Welcome to a world where multinational corporations track your every move. They force you to opt-in to digital social monitoring platforms and privatize information. Governments are powerless against privatized police forces. The system crushes all that oppose it. All of this, in the name of progress.
When a privatized police force slaughters hundreds of people in Time Square, Hans, the only survivor flees the United States. He catches a boat to Amsterdam where many of the problems in the US persist. As a journalist, Hans can’t help but take an active interest in the problems of the city. He finds himself the lead suspect in a multi-assassination plot. He knows that to free his name he needs to get the truth about Thexoll out, the problem is, the very enemy he faces owns the media outlets he’ll need to clear his name.
The characters in this story are pretty varied. Though they are, by and large, a collection of neo-punk revolutionaries, they each have decidedly unique motives and hopes for the future. The only exception is Thexoll, the towering overlord, multi-nat owner who seeks to encompass the whole world in his corporation’s grip. The result is a caricature of a corporate businessman who sees the world as his oyster. He believes the ends always justify the means and will do anything to achieve his goal. It sounds scary, and it is, especially in our current political climate. However, it also falls a little flat. There doesn’t seem to be much of a justification for Thexoll’s motives. He’s already got all the money he could ever want. Unfortunately, his philosophy isn’t explored in any depth.
Hans, the protagonist, plays the part of the narrator and reluctant hero. His development as a scared outlaw to a full-throttle activist is well done and gradual. However, much of the narration, which is in the form of internal monologue comes off a bit self-important. While he’s certainly an able main character, at times he felt preachy and unrelatable.
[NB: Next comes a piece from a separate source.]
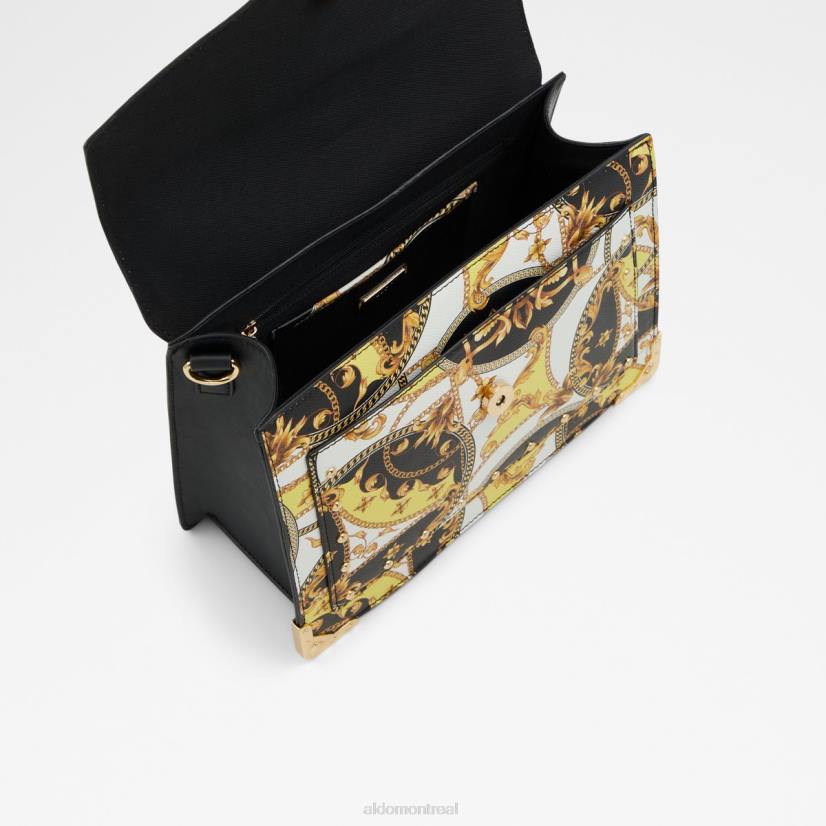Aldo footwear VD8R3774 Aldo sac à poignée supérieure fashion baro noir multi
The Panders are stalwarts of the industry. They’ve been at this for a long time. They know how to spin a yarn in sequentials, there’s no doubt. However, some of the art feels a bit antiquated, which is awesome if you like old school comic style paneling. Four, six, seven-panel pages tell the story concisely, but the art struck me as utilitarian rather than a precise artistic medium this story required. Maybe this is my failing as a reader, but, in my opinion, the best comics and graphic novels are the ones that couldn’t be told in any other storytelling medium. While Dissident X is a decidedly good yarn, it ultimately leaves me with a question or two about thematic elements, artistic directions, and character motives.
An interesting take on a near-future world run by corporations. It sadly didn't connect with me as much as I had hoped due to a lack of character motive and a dearth of action scenes. I think those who enjoy works like V for Vendetta would probably find much to enjoy here.